For an adequate immune response, it is essential that T lymphocytes recognize infected or degenerated cells. They do so by means of antigenic peptides, which these cells present with the help of specialized surface molecules (MHC I molecules). Using X-ray structure analysis, a research team from Frankfurt has now been able to show how the MHC I molecules are loaded with peptides and how suitable peptides are selected for this purpose.
As task forces of the adaptive immune system, T lymphocytes are responsible for attacking and killing infected or cancerous cells. Such cells, like almost all cells in the human body, present on their surface fragments of all the proteins they produce inside. If these include peptides that a T lymphocyte recognizes as foreign, the lymphocyte is activated and kills the cell in question. It is therefore important for a robust T-cell response that suitable protein fragments are presented to the T lymphocyte. The research team led by Simon Trowitzsch and Robert Tampé from the Institute of Biochemistry at Goethe University Frankfurt has now shed light on how the cell selects these protein fragments or peptides.
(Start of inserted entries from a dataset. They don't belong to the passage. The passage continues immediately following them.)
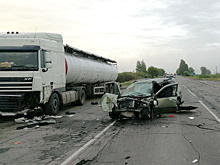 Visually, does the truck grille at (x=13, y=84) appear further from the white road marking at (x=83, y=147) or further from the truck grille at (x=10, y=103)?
the white road marking at (x=83, y=147)

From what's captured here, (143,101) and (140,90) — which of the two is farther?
(140,90)

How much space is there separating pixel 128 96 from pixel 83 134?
118 inches

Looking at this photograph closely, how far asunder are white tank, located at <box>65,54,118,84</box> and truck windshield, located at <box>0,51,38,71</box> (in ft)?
12.4

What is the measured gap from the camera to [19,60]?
1112 centimetres

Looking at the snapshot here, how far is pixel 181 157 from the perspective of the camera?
18.6 ft

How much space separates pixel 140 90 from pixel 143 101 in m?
1.00

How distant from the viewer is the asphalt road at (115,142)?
5684 mm

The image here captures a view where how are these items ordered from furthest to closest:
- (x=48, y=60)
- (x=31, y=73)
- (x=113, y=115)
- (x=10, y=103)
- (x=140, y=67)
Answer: (x=140, y=67)
(x=48, y=60)
(x=113, y=115)
(x=31, y=73)
(x=10, y=103)

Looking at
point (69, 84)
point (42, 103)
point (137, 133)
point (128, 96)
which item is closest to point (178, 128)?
point (137, 133)

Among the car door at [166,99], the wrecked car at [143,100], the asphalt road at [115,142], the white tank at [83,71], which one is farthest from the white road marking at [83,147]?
the white tank at [83,71]

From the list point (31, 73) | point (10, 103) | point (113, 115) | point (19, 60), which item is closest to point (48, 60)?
point (31, 73)

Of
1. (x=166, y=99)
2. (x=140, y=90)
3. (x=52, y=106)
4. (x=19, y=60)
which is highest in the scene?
(x=19, y=60)

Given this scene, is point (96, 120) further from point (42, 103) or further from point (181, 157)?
point (181, 157)

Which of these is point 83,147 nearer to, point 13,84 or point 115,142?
point 115,142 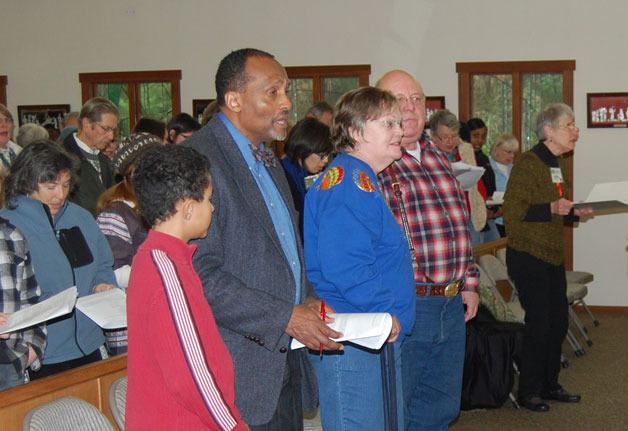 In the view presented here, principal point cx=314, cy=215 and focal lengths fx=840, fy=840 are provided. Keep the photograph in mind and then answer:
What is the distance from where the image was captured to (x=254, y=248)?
86.0 inches

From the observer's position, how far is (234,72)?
7.54ft

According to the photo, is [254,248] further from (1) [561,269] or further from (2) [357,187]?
(1) [561,269]

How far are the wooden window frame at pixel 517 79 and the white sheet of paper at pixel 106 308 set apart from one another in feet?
19.8

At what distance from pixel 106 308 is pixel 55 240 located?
51cm

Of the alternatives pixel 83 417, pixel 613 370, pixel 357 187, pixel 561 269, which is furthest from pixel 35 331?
pixel 613 370

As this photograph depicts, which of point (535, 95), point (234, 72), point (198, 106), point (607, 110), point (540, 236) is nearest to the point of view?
point (234, 72)

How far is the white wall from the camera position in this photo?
8.22 metres

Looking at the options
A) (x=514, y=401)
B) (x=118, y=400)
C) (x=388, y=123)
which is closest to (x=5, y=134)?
(x=118, y=400)

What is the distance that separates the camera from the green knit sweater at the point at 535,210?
187 inches

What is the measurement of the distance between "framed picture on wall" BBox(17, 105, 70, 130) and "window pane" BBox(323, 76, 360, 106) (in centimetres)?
288

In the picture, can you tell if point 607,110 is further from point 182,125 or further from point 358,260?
point 358,260

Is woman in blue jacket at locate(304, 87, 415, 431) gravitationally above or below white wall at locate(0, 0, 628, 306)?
below

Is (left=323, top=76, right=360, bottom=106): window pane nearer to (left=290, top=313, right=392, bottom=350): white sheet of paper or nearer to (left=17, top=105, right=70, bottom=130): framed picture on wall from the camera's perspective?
(left=17, top=105, right=70, bottom=130): framed picture on wall

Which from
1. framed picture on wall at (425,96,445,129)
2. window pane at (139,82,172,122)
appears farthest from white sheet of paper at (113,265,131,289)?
window pane at (139,82,172,122) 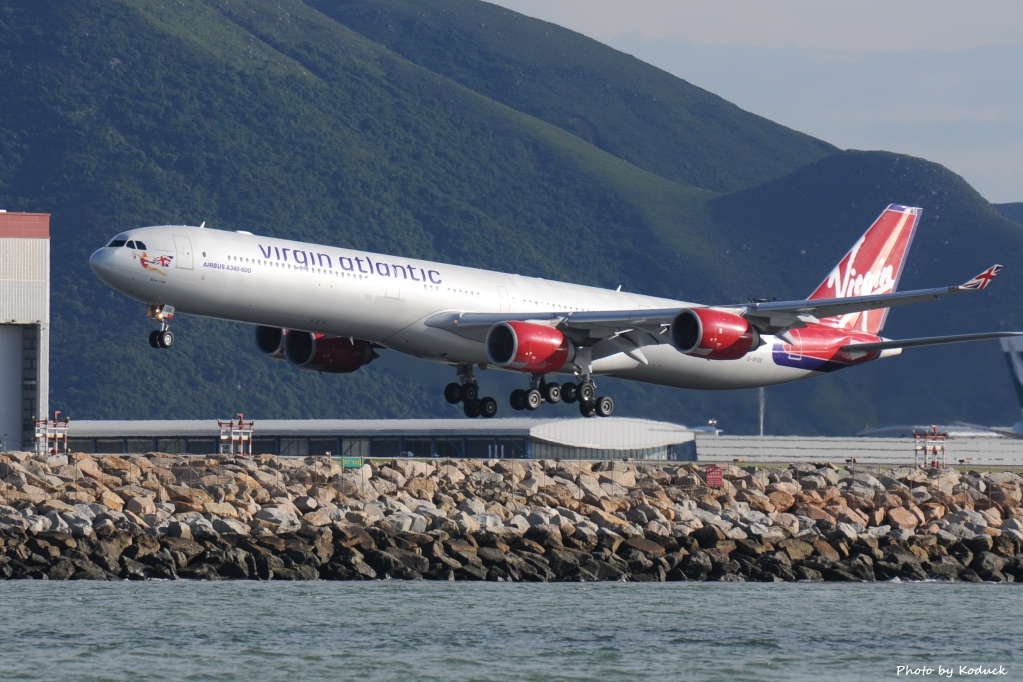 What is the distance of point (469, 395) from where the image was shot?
62000mm

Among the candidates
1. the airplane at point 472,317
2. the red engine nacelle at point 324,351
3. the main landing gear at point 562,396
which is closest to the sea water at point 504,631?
the main landing gear at point 562,396

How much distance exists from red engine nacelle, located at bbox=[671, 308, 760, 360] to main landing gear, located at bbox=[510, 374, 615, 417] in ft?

Peptide presentation takes place on so-called major histocompatibility complex class I molecules (MHC I). MHC I molecules are a group of very diverse surface proteins that can bind myriads of different peptides. They are anchored in the cell membrane and form a peptide-binding pocket with their outward-facing part. Like all surface proteins, MHC I molecules take the so-called secretory pathway: they are synthesized into the cell's cavity system (endoplasmic reticulum (ER) and Golgi apparatus) and folded there. Small vesicles then bud off from the cavity system, migrate to the cell membrane and fuse with it.